Per quanto riguarda i libri di saggistica e narrativa l’approccio è abbastanza simile: cerco di farmi un’idea il più possibile precisa del testo e della voce dell’autore (che in realtà poi scopro solo a mano a mano che procedo con la traduzione) e mi affido moltissimo alle riletture che faccio prima di consegnare, quando davvero so com’è fatto il testo e che ritmo ha la lingua. Quando traduco un testo per il teatro invece lo leggo tutto prima di cominciare, e soprattutto rileggo ad alta voce la mia traduzione, anche molte volte, se il tempo a disposizione lo permette. Sentire la parola che prende forma nella sua concretezza mi serve per capire se quello che ho scritto è adatto o no a essere recitato.
Qual è la caratteristica più importante che un traduttore editoriale dovrebbe possedere?
Mi vengono in mente tante caratteristiche: la capacità di lavorare in solitudine, un certo rigore, l’orecchio che ti permette di sentire la voce dell’autore. Ma penso che prima di tutto sia necessaria un’ottima conoscenza della lingua italiana.
Dove preferisci lavorare quando traduci?
A casa mia, assolutamente.
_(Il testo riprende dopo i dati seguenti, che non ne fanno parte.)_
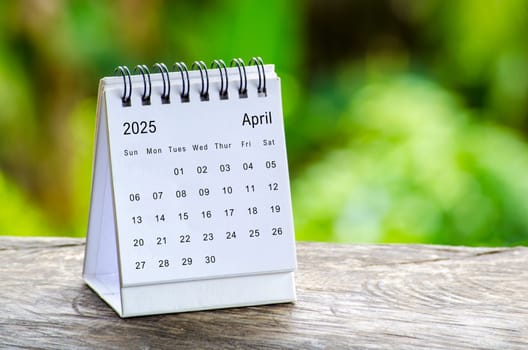 April 2025 white table calendar with outdoor background. Calendar concept.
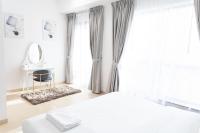 Postel nebo postele na pokoji v ubytování Bahar JBR Apartment by HAPPY SEASON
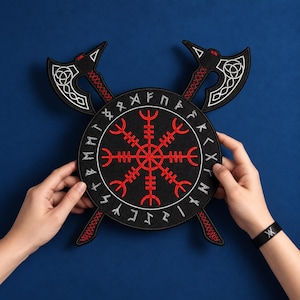 Könnte beinhalten: Ein kreisförmiger, schwarzer Stickaufnäher mit einem roten Vegvisir-Symbol in der Mitte, umgeben von einem Ring aus weißen Runenzeichen. Zwei gekreuzte schwarze Äxte mit weißen keltischen Knotenmustern und roten Akzenten liegen hinter dem Kreis.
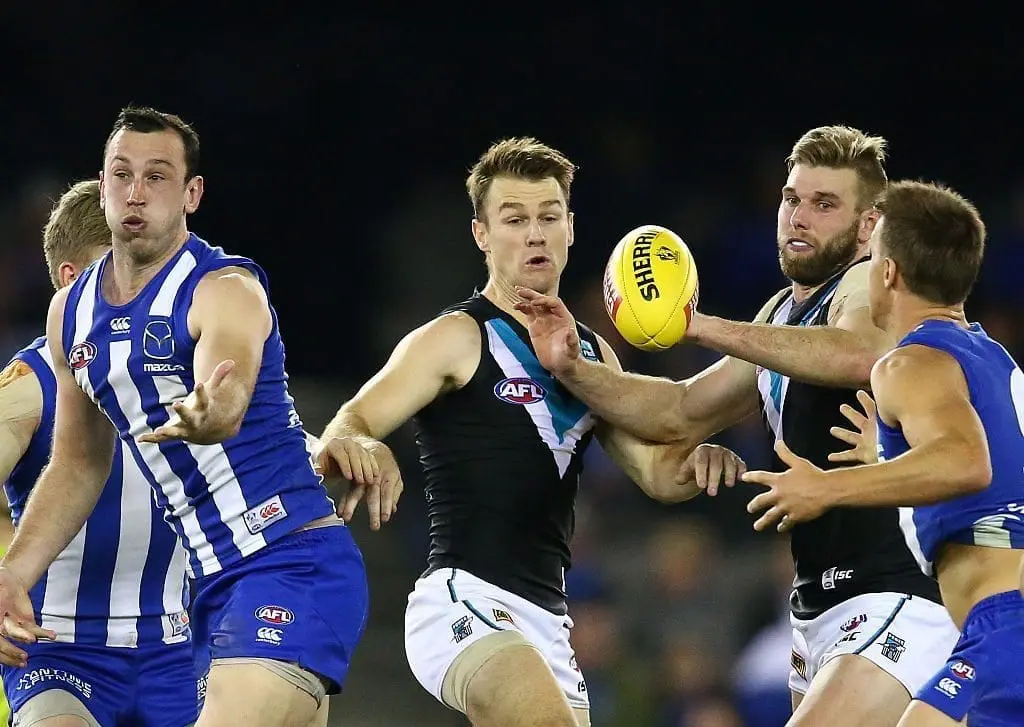 MELBOURNE, AUSTRALIA - JULY 16: Robbie Gray of the Power wins the ball ahead of Todd Goldstein of the Kangaroos and Jackson Trengove of the Power during the round 17 AFL match between the North Melbourne Kangaroos and the Port Adelaide Power at Etihad Stadium on July 16, 2016 in Melbourne, Australia. (Photo by Scott Barbour/Getty Images)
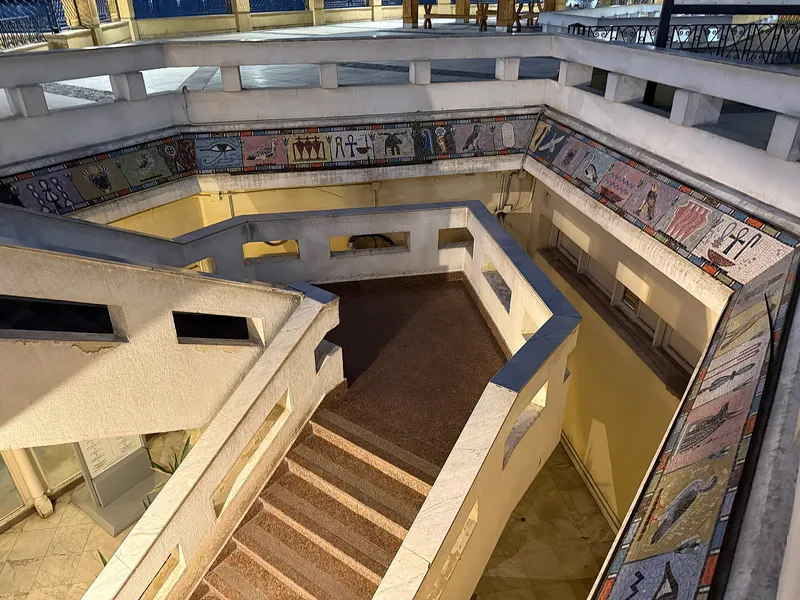 Stairs down to the Mummification Museum's entrance, framed by a mosaic frieze of Egyptian motifs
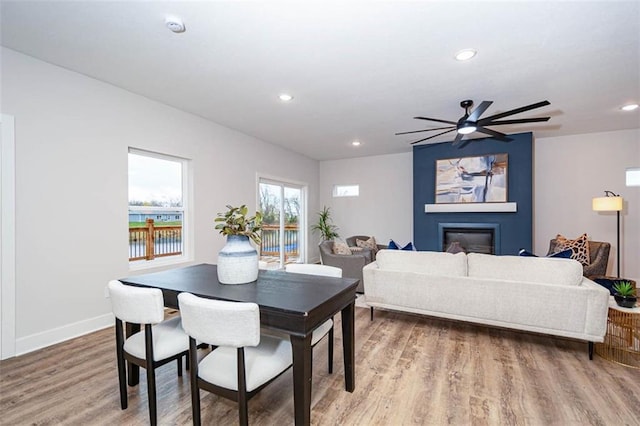 dining space with a large fireplace, light wood-style flooring, a ceiling fan, baseboards, and recessed lighting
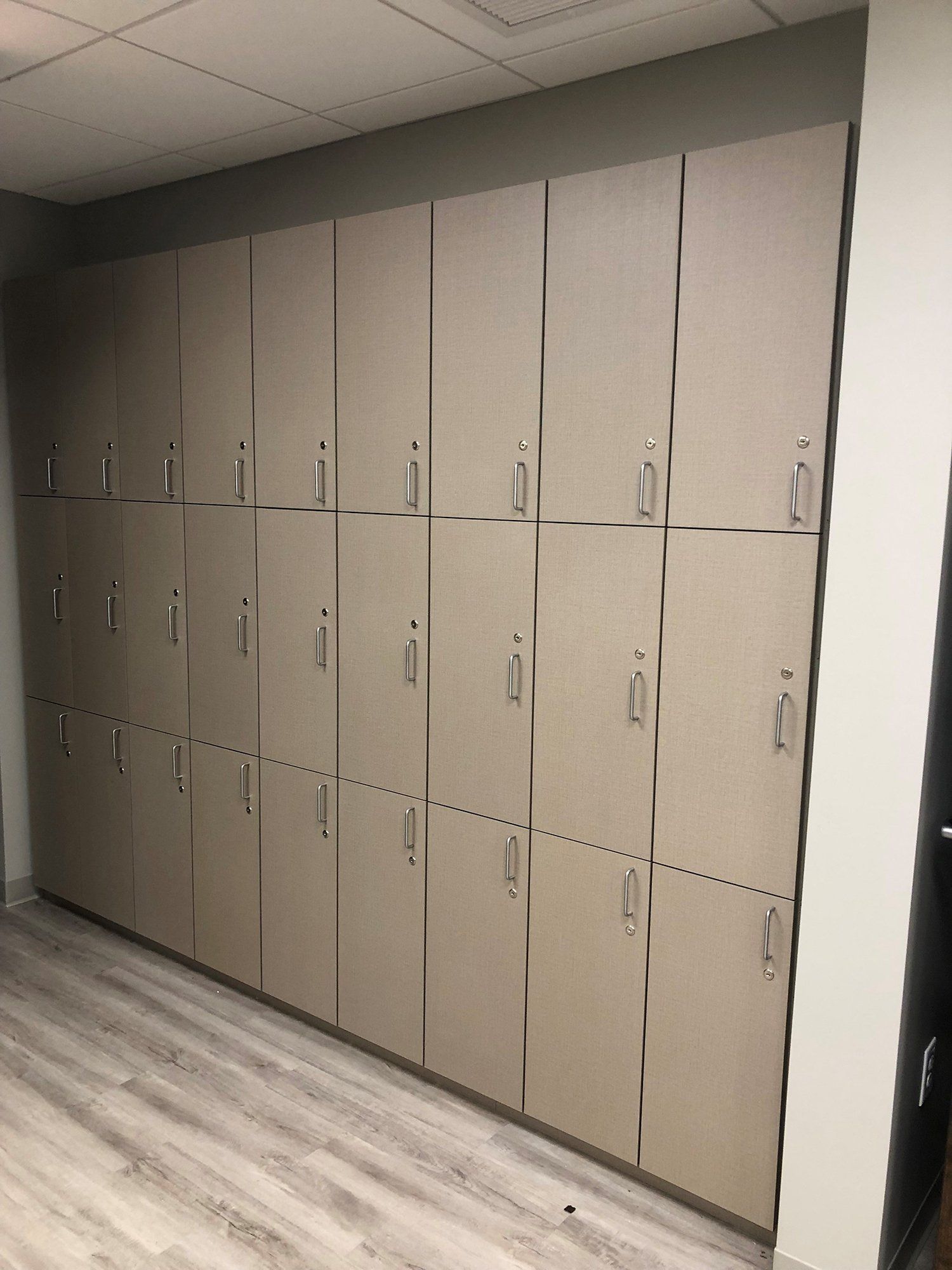 A row of lockers are lined up on a wall in a room.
Faccio molta fatica a lavorare se sono in giro. Lo faccio per necessità, ma se posso decidere, il mio posto nel mondo è il mio studio, la mia scrivania, la mia finestra sui tetti.
Ci vuoi raccontare il tuo esordio da traduttrice?
Dopo la specializzazione alla Scuola dell’Agenzia Formativa Tuttoeuropa di Torino ho contattato la casa editrice francese di un romanzo che avevo studiato all’università, e quando mi hanno risposto che in Italia era ancora inedito ho cominciato a mandare una prova di traduzione e la scheda di lettura a case editrici che traducono narrativa francese o francofona. Dopo parecchi mesi (quasi un anno, durante il quale ho lavorato in uno studio editoriale) mi ha risposto una piccola casa editrice di Firenze, che ha accettato la mia proposta e mi ha affidato la traduzione.
Puoi farci un esempio di una difficoltà che mentre traducevi ti sembrava insuperabile, e che poi hai risolto?
Ricordo molte difficoltà legate alla terminologia durante la traduzione di un libro di saggistica scientifica dall’inglese, che in alcuni casi ho risolto iscrivendomi a forum di appassionati. Per esempio un forum di amanti dei pesci tropicali, perché non riuscivo a tradurre un elenco molto lungo di nomi di pesci rossi rarissimi.
Come dovrebbe essere la relazione ideale tra traduttore e redazione, secondo te?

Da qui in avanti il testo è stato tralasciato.